Foudroyé et ravi, saisi d'un rire divin, il communique au monde la joie de sa découverte. Il en fait un journal : Messager des étoiles.

Puis les célèbres dialogues. Nulle pompe, nulle emphase ; la grâce de Voltaire et le style le plus enjoué.

Voilà la vraie grandeur.

Nous la trouvons la même dans le maître de l'art militaire, Gustave-Adolphe, créateur de la guerre moderne. Si l'on veut croire ce qu'il disait, qu'il l'apprit d'un Français, il restera du moins le héros qui la démontra.

Vrai héros et grand cœur, dont ses ennemis, terrassés, ne bénirent pas moins la douceur et l'inaltérable clémence.

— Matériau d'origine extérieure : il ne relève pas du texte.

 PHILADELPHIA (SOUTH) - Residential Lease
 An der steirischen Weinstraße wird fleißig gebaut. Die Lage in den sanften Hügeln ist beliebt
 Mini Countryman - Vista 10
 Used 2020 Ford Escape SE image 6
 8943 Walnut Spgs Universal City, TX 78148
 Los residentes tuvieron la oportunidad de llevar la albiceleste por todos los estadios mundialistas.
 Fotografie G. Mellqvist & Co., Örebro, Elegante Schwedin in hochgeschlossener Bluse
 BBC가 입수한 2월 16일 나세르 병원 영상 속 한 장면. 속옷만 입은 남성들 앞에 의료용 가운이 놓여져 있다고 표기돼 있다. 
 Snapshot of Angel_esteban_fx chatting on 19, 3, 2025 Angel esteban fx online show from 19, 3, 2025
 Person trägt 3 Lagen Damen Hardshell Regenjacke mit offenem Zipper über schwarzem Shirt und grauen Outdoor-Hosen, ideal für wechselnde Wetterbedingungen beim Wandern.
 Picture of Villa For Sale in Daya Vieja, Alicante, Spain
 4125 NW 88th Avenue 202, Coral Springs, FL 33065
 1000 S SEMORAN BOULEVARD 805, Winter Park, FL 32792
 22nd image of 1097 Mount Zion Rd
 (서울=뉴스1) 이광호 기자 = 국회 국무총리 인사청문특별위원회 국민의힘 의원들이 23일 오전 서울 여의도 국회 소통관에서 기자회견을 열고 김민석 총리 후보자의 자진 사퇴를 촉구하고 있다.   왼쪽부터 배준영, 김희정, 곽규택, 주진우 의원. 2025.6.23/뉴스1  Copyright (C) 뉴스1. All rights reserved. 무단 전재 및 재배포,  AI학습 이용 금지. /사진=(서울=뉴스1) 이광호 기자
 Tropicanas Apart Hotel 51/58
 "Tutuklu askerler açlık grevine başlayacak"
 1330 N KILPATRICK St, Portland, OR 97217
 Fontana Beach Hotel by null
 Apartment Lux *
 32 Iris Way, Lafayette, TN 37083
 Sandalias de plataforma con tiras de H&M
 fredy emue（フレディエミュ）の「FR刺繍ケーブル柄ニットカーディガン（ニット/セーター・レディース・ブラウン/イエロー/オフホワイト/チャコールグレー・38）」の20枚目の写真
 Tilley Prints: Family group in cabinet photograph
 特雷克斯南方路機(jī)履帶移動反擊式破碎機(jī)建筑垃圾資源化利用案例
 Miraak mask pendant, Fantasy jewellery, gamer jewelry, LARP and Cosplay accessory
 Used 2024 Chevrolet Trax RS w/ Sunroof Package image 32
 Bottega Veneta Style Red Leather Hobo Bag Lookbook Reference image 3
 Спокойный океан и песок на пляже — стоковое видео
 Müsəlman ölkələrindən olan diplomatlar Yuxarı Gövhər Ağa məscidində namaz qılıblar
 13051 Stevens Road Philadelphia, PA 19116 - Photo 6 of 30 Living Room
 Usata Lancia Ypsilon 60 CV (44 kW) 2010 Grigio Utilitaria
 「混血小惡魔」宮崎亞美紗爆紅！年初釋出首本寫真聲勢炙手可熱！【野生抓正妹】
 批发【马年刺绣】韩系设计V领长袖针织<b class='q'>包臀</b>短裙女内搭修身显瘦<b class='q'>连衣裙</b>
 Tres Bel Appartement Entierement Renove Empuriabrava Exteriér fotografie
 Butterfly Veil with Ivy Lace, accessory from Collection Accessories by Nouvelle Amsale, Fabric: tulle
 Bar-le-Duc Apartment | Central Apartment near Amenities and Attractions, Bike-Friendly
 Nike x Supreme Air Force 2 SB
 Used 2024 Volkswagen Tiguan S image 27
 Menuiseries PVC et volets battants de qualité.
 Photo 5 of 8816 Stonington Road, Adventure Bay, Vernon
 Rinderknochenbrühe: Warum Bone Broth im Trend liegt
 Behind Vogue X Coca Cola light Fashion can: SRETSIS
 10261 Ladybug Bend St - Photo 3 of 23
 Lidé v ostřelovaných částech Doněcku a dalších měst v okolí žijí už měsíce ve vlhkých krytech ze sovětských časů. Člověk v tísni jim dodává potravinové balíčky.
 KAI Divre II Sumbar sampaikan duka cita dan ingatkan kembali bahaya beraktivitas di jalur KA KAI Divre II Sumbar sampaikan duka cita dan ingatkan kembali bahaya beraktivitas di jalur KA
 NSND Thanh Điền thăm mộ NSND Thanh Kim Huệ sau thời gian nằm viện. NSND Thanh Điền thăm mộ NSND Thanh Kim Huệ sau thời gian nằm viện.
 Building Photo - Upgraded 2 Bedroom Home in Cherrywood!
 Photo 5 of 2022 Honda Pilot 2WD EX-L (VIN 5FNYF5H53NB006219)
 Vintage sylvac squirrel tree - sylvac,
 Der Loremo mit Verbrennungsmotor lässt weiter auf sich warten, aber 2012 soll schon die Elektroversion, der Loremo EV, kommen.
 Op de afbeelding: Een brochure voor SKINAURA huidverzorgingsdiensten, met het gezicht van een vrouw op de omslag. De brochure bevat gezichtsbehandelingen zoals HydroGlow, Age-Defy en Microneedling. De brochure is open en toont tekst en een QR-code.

Ce qui étonnait le plus en lui, c'était surtout son étonnante sérénité, son sourire en pleine bataille. La conception du bon Pantagruel, du géant qui voit de haut les choses humaines, semblait s'être réalisée dans ce véritable guerrier. Il n'eut ni le génie morose de notre Coligny, ni le froid sérieux du Taciturne, ni l'âpreté farouche du prince Maurice. Tout au contraire, une humeur gaie, des traits de bonhomie héroïque.

Cet enjouement de Galilée et de Gustave-Adolphe, des deux hommes vraiment supérieurs, est un trait fort spécial, fort étranger au temps, et qui n'y a nulle influence. Le temps est sec, triste et sombre (Histoire de France au dix-septième siècle, Richelieu et la Fronde, Œuvres complètes, t. IX, p.287-288).